I am using jboss\'s rest-easy multipart provider for importing a file. I read here http://docs.jboss.org/resteasy/docs/1.0.0.GA/userguide/html/Content_Marshalling_Providers.html

Answer 1

It seems that Isim is right, but there is a workaround.

Create a hidden field in your form and update its value with the selected file's name. When the form is submitted, the filename will be submitted as a @FormParam.

Here is some code you could need (jquery required).

<input id="the-file" type="file" name="file">
<input id="the-filename" type="hidden" name="filename">

<script>
$('#the-file').on('change', function(e) {
    var filename = $(this).val();
    var lastIndex = filename.lastIndexOf('\\');
    if (lastIndex < 0) {
        lastIndex = filename.lastIndexOf('/');
    }
    if (lastIndex >= 0) {
        filename = filename.substring(lastIndex + 1);
    }
    $('#the-filename').val(filename);
});
</script>

Answer 2

You could use @PartFilename but unfortunately this is currently only used for writing forms, not reading forms: RESTEASY-1069.

Till this issue is fixed you could use MultipartFormDataInput as parameter for your resource method.

Answer 3

After looking around a bit for Resteasy examples including this one, it seems like there is no way to retrieve the original filename and extension information when using a POJO class with the @MultipartForm annotation.

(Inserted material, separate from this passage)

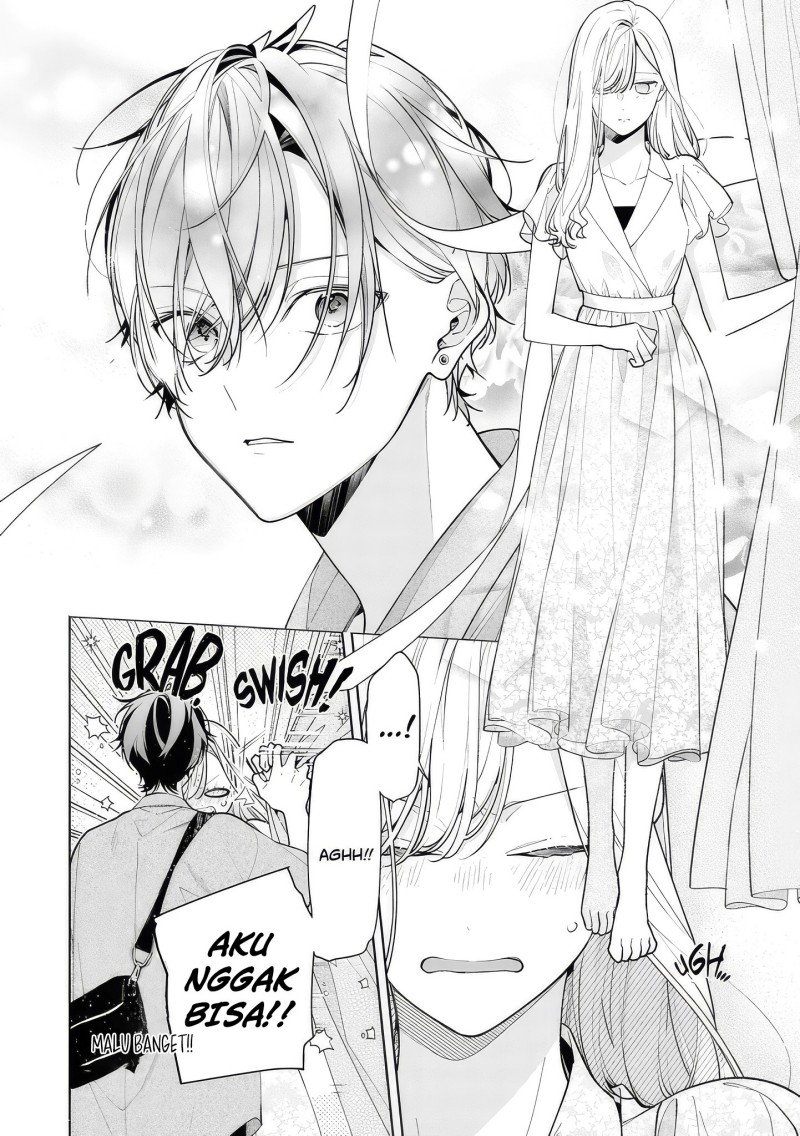 Nee-chan no Tomodachi ga Uzai-banashi Chapter 15 - Page 11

The examples I have seen so far retrieve the filename from the Content-Disposition header from the "file" part of the submitted multiparts form data via HTTP POST, which essentially, looks something like:

Content-Disposition: form-data; name="file"; filename="your_file.zip"
Content-Type: application/zip

You will have to update your file upload REST service class to extract this header like this:

@POST
@Path("/upload")
@Consumes("multipart/form-data")
public Response uploadFile(MultipartFormDataInput input) {

  String fileName = "";
  Map<String, List<InputPart>> formParts = input.getFormDataMap();

  List<InputPart> inPart = formParts.get("file"); // "file" should match the name attribute of your HTML file input 
  for (InputPart inputPart : inPart) {
    try {
      // Retrieve headers, read the Content-Disposition header to obtain the original name of the file
      MultivaluedMap<String, String> headers = inputPart.getHeaders();
      String[] contentDispositionHeader = headers.getFirst("Content-Disposition").split(";");
      for (String name : contentDispositionHeader) {
        if ((name.trim().startsWith("filename"))) {
          String[] tmp = name.split("=");
          fileName = tmp[1].trim().replaceAll("\"","");          
        }
      }

      // Handle the body of that part with an InputStream
      InputStream istream = inputPart.getBody(InputStream.class,null);

      /* ..etc.. */
      } 
    catch (IOException e) {
      e.printStackTrace();
    }
  }

  String msgOutput = "Successfully uploaded file " + filename;
  return Response.status(200).entity(msgOutput).build();
}

Hope this helps.